# ananás vs abacaxi



## Eloy1988

Qual é a diferença entre o "*ananás*" e o "*abacaxi*"?


----------



## Baunilha

Não há nenhuma diferença (creio)


----------



## Outsider

Algumas pessoas mais puristas dizem que são frutos de plantas diferentes, mas no dia a dia acho que não se faz distinção. A palavra "abacaxi" usa-se mais no Brasil, e "ananás" em Portugal.

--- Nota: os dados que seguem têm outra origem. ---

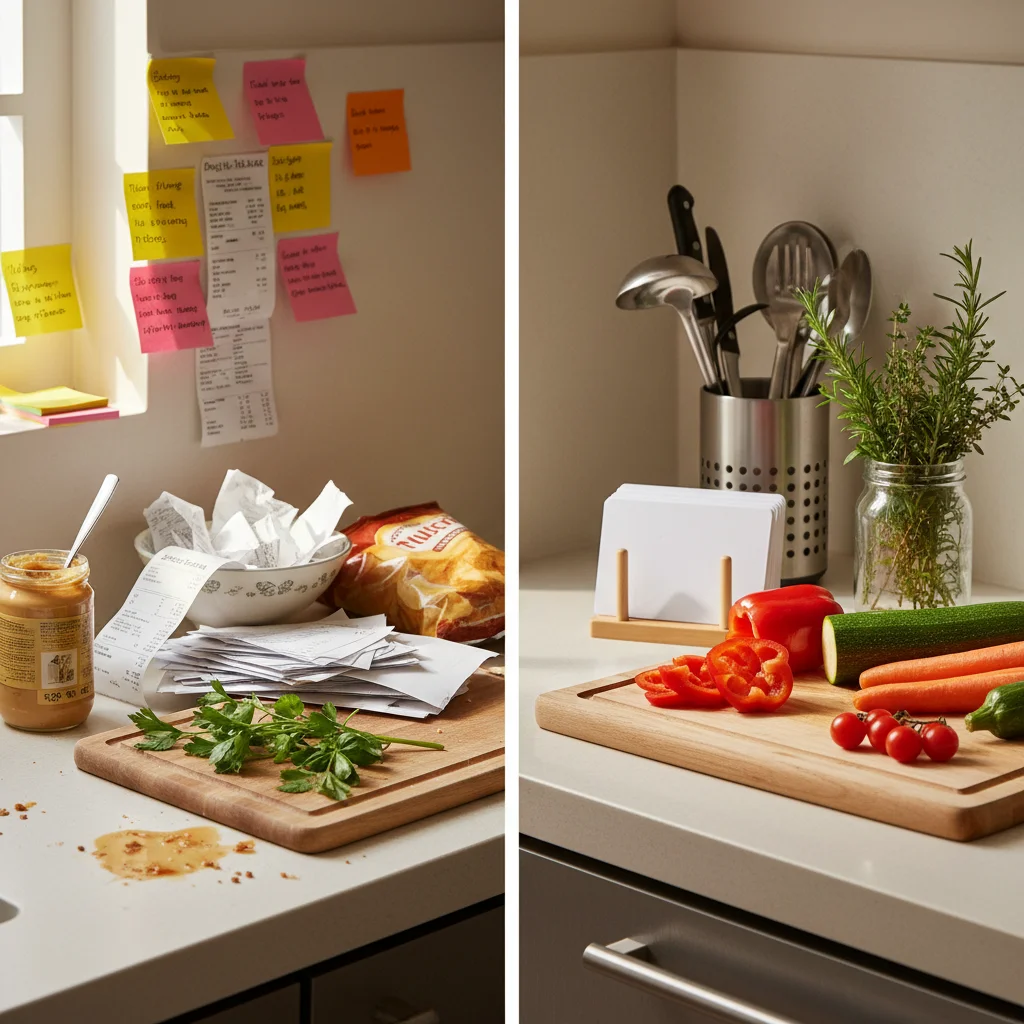Organized kitchen with fresh ingredients and a meal plan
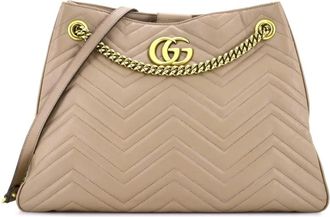 Gucci GG Marmont Matelasse leren schoudertas met ketting - Beige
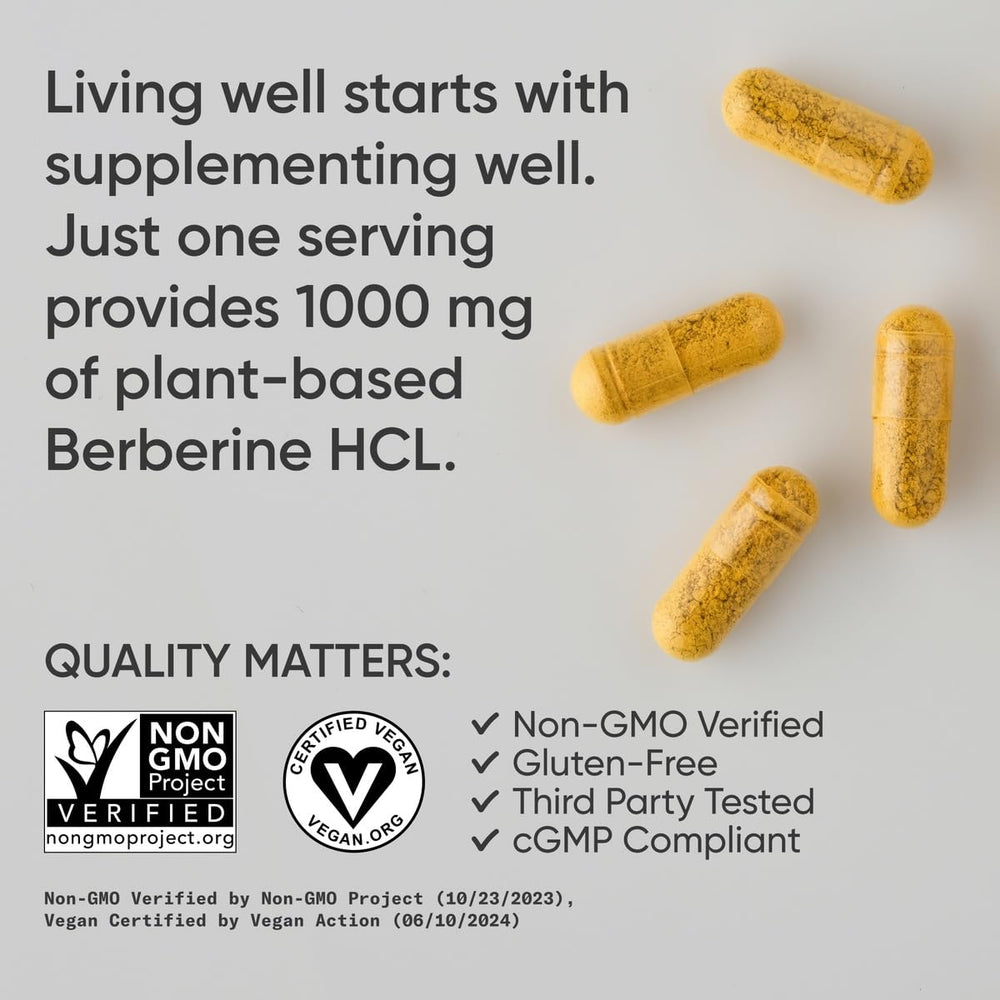 Vegan-certified berberine capsules badge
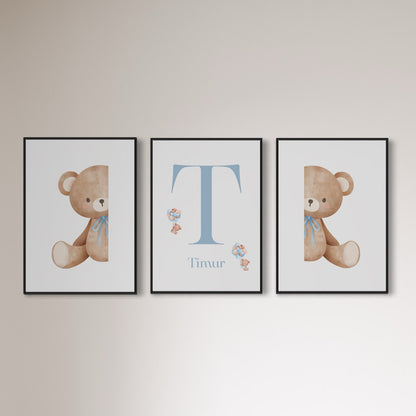 3er-Set Kinder Poster in rosa & blau - Name | PERSONALISIERT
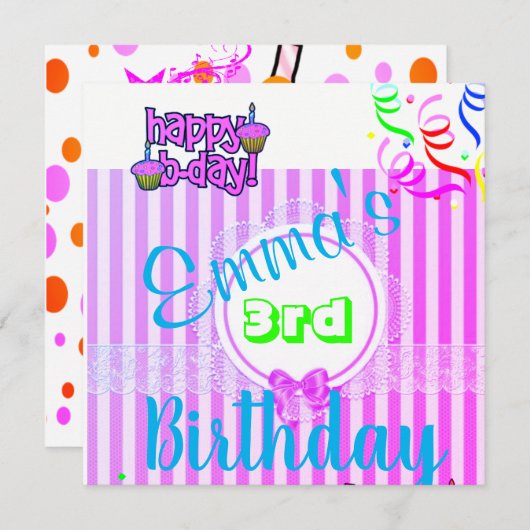 Joyeux Anniversaire Carte Invitation Purple Stripe (Devant / Derrière)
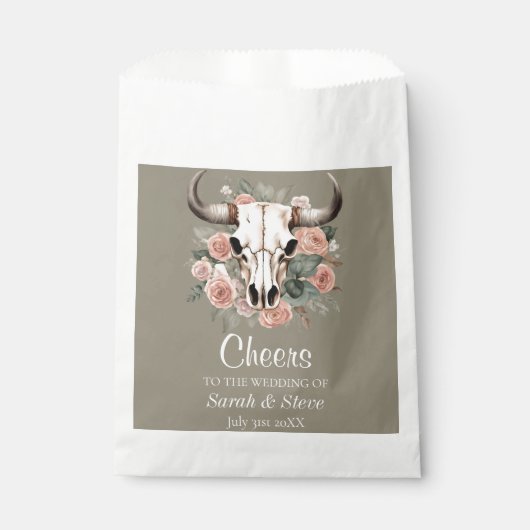 Western Boho Kuh Bläschen Schädelsage Hochzeit Geschenktütchen (Vorderseite)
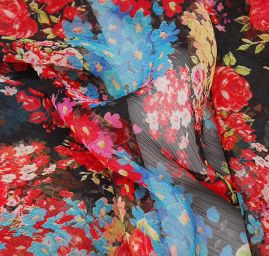 Plisovaný šifon květy 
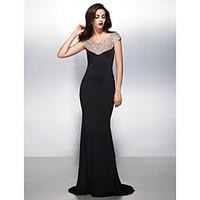 TS Couture Formal Evening / Black Tie Gala Dress - Beautiful Back Trumpet / Mermaid V-neck Sweep / Brush Train Jersey with Beading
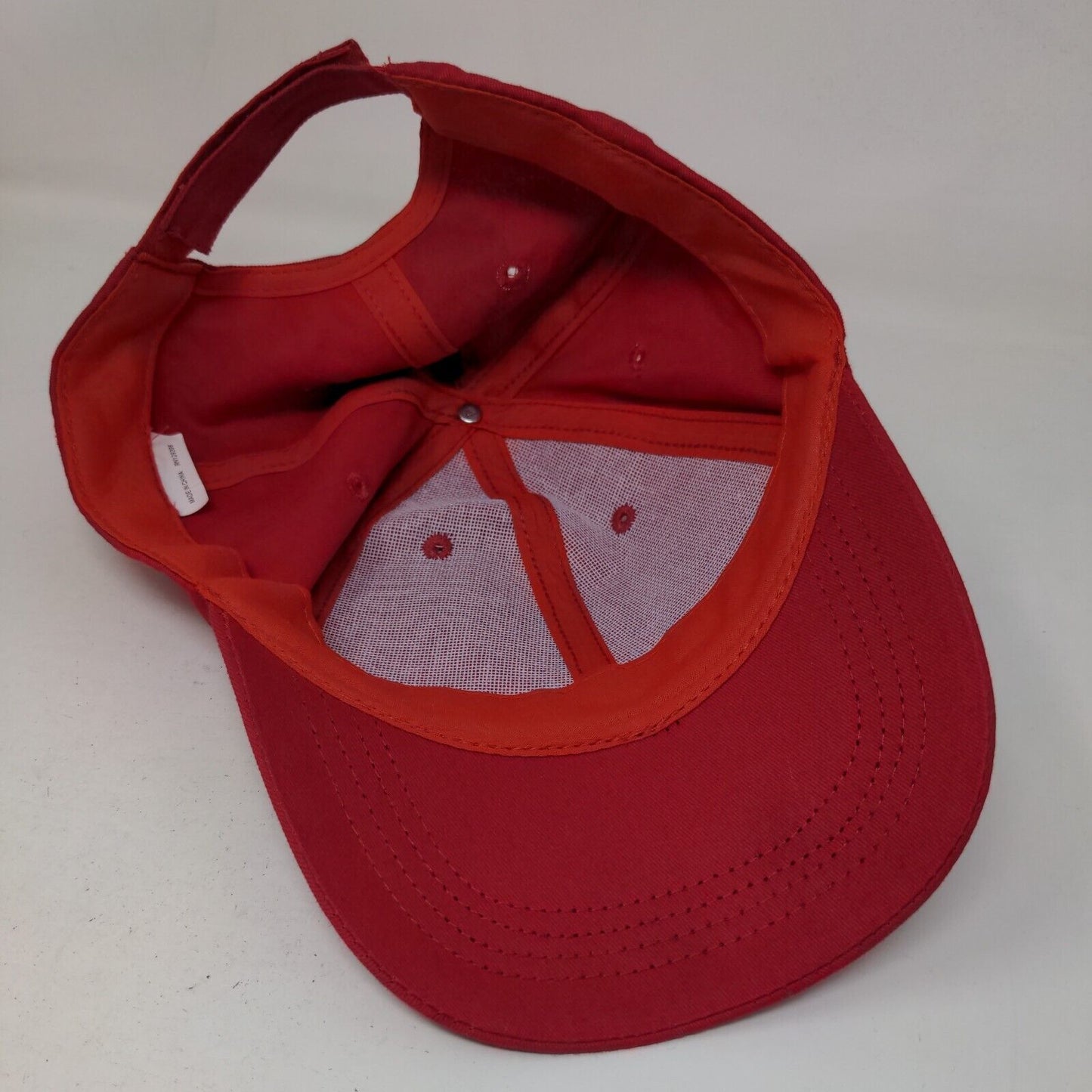 It's Fine Strapback Hat One Size Red Graphic Print Vented Holes Adjustable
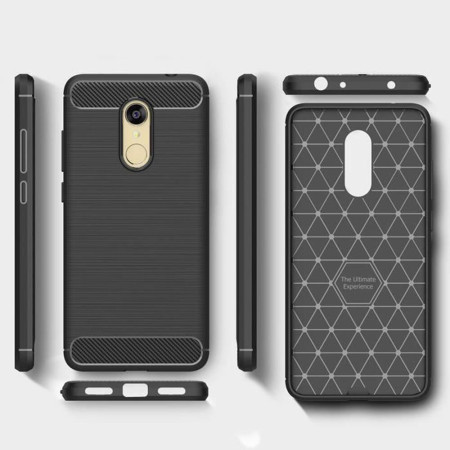 Husa de telefon Carbon Premium Protect, Xiaomi Redmi 5, 6 nivele de protectie, Finisaj metalic, Slim, Black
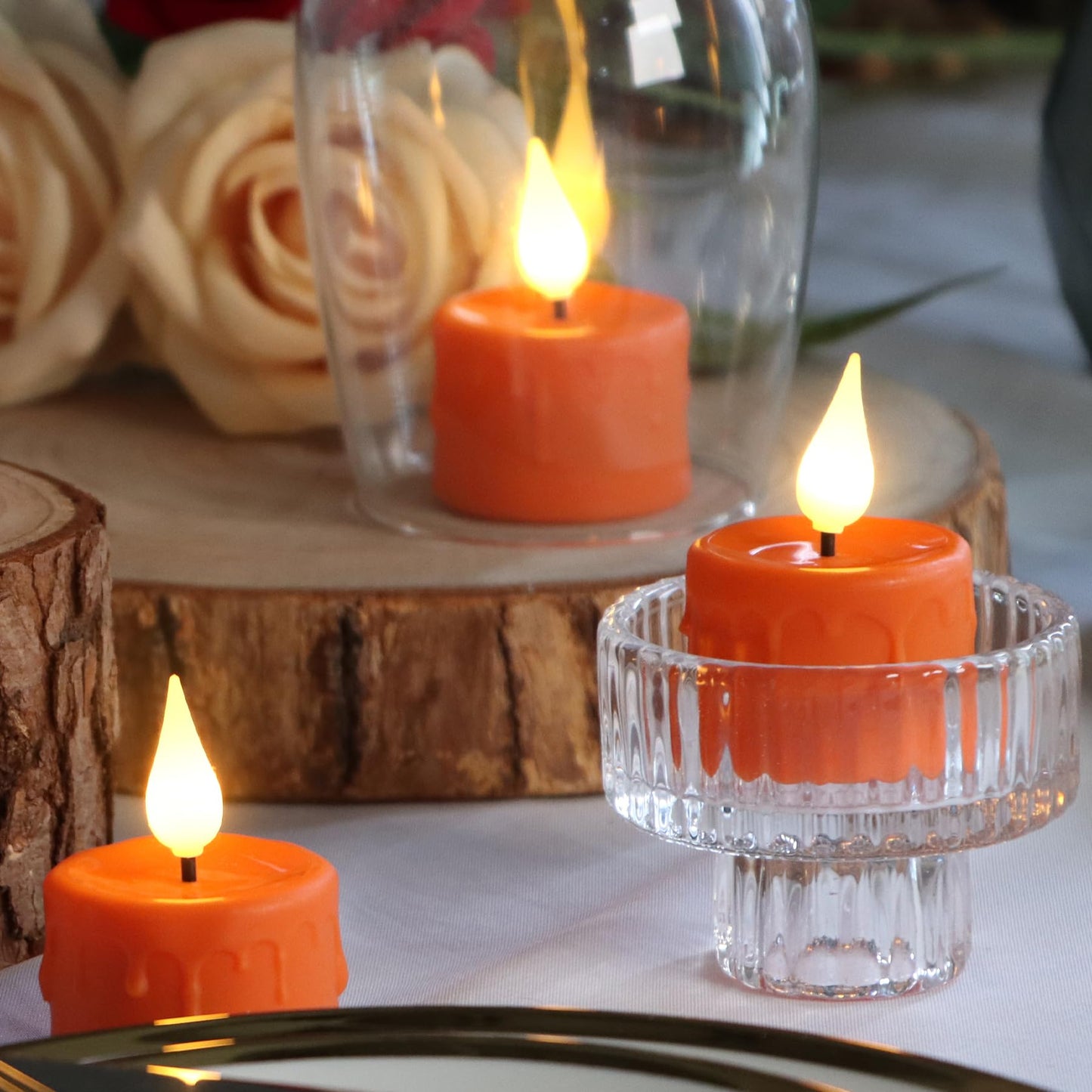 Sanmli 6 Pack Orange LED Tea Lights Rechargeable with Remote Control and Timer, Flickering Warm White Light, Flameless Candles with Charging Station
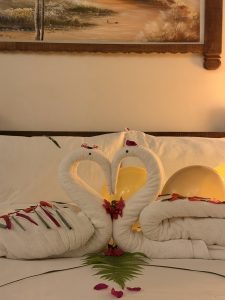 
A beautifully arranged bed featuring two white towel swans forming a heart shape in the center. 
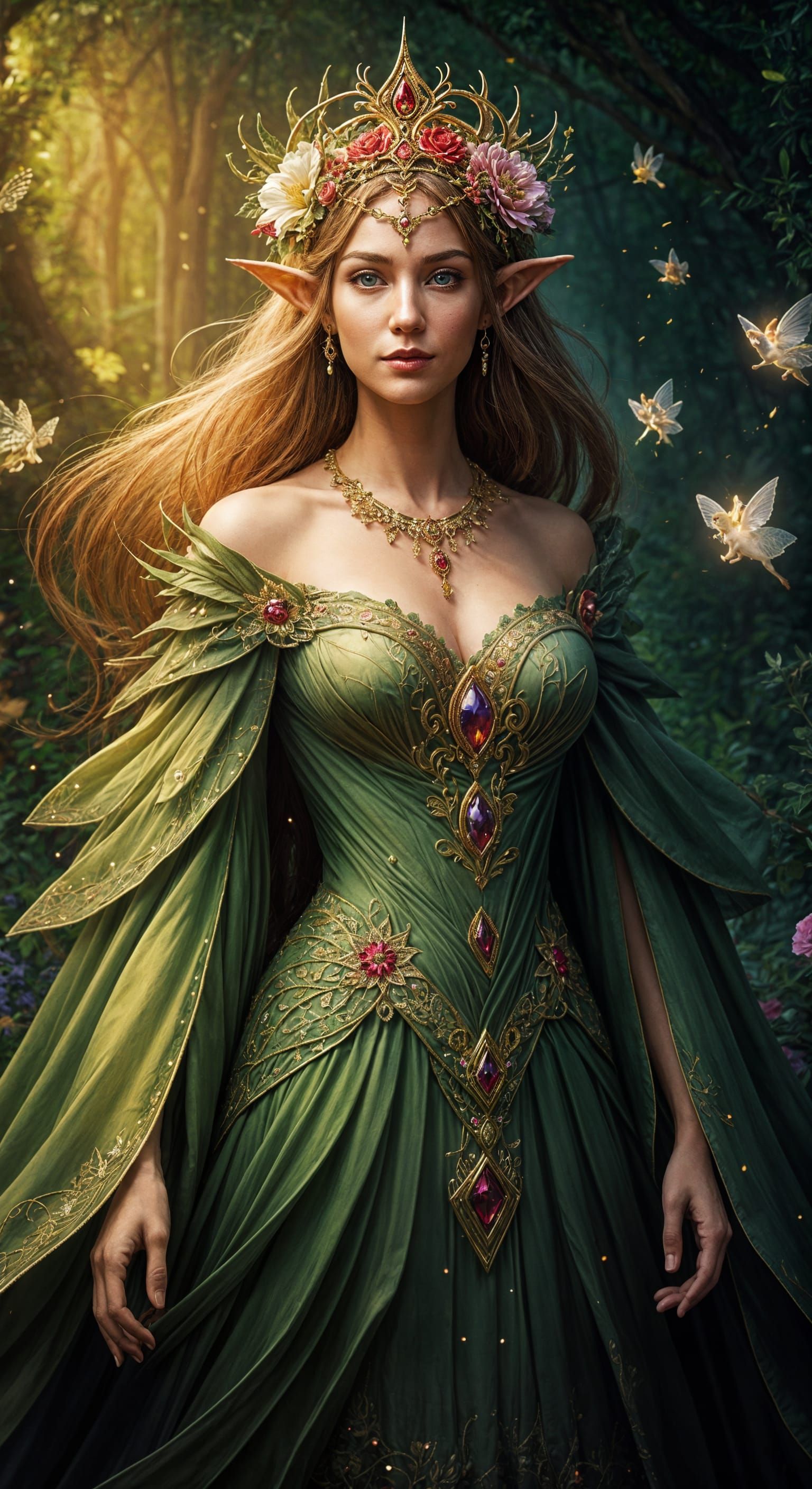 Regal Elf Princess in Traditional Attire with Fairies and Fl...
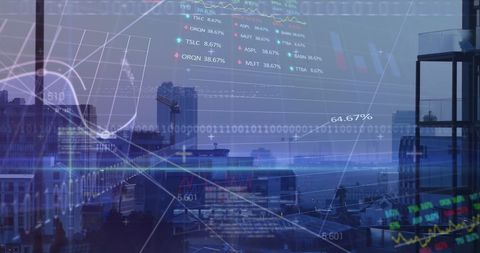 Cityscape Blended with Financial Graphs and Data Concepts - Download Free Stock Images Pikwizard.com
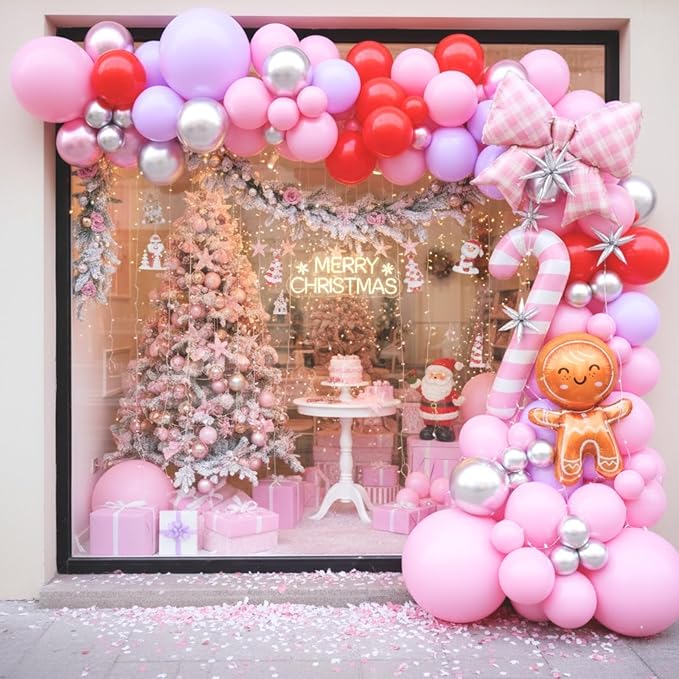 Christmas Balloon Arch Kit, Red Pink Purple Metallic Silver Balloons with Gingerbread-Style Foil,Bow Foil,Pink Candy Cane Balloons for Girl Birthday Party Decorations Baby Shower Backdrop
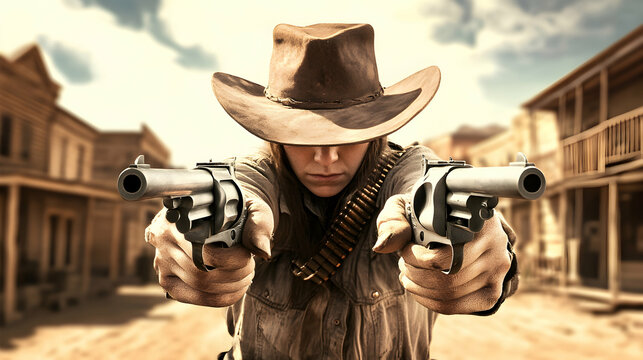 Cowgirl dual wielding revolvers, Wild West town background, action shot, western movie poster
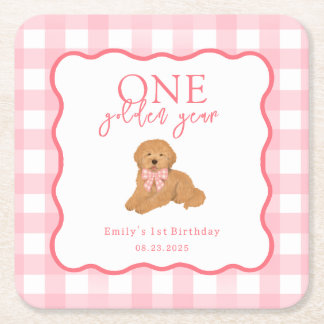 Pink Gingham One Golden Year Girls First Birthday Square Paper Coaster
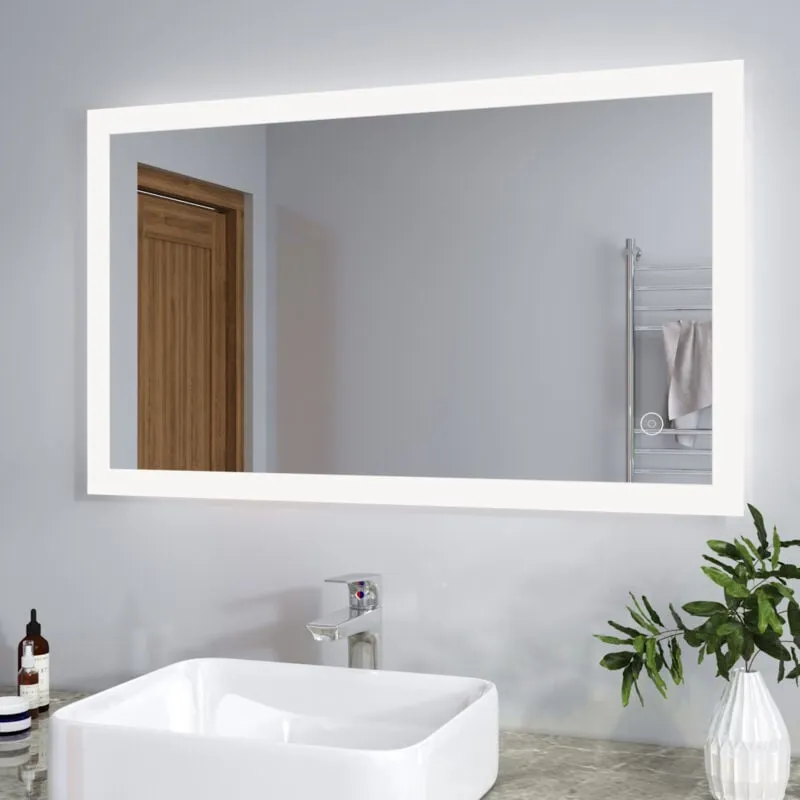  Specchio da Bagno Luce LED, Specchio Bagno Illuminato 100 x 60 cm con Touch Control e Anti Appannamento, Specchio da Parete Moderno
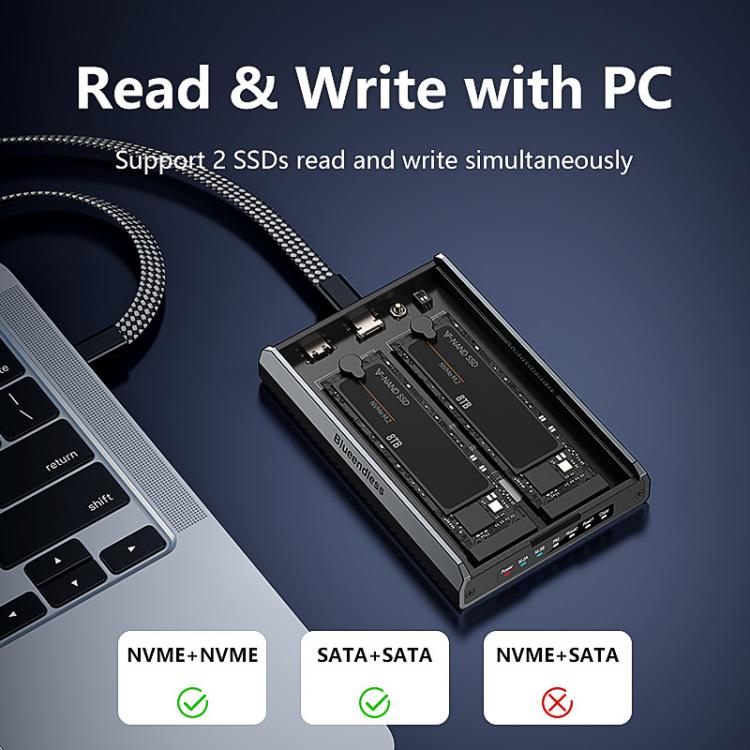 Carcasa para discos M.2 NVMe/SATA RAID de doble protocolo, carcasa portátil para SSD con copia sin conexión a 20 Gbps, DB280A3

> Na linguagem corrente do Brasil tal como em Angola, costuma-se designar por _ananás_ os frutos de plantas não cultivadas ou de variedades menos conhecidas ou de qualidade inferior. Por sua vez, a palavra _abacaxi_ costuma ser empregada não apenas para designar o fruto de melhor qualidade, mas a própria planta que o produz.
> 
> "Abacaxi/Ananás" na Wikipedia


----------



## Vanda

No Brasil, temos uma ligeira diferença: 

http://forum.wordreference.com/showpost.php?p=1145433&postcount=5

O ananás é menor e tem menos polpa. Na minha região, pelo menos, fazemos diferença entre os dois.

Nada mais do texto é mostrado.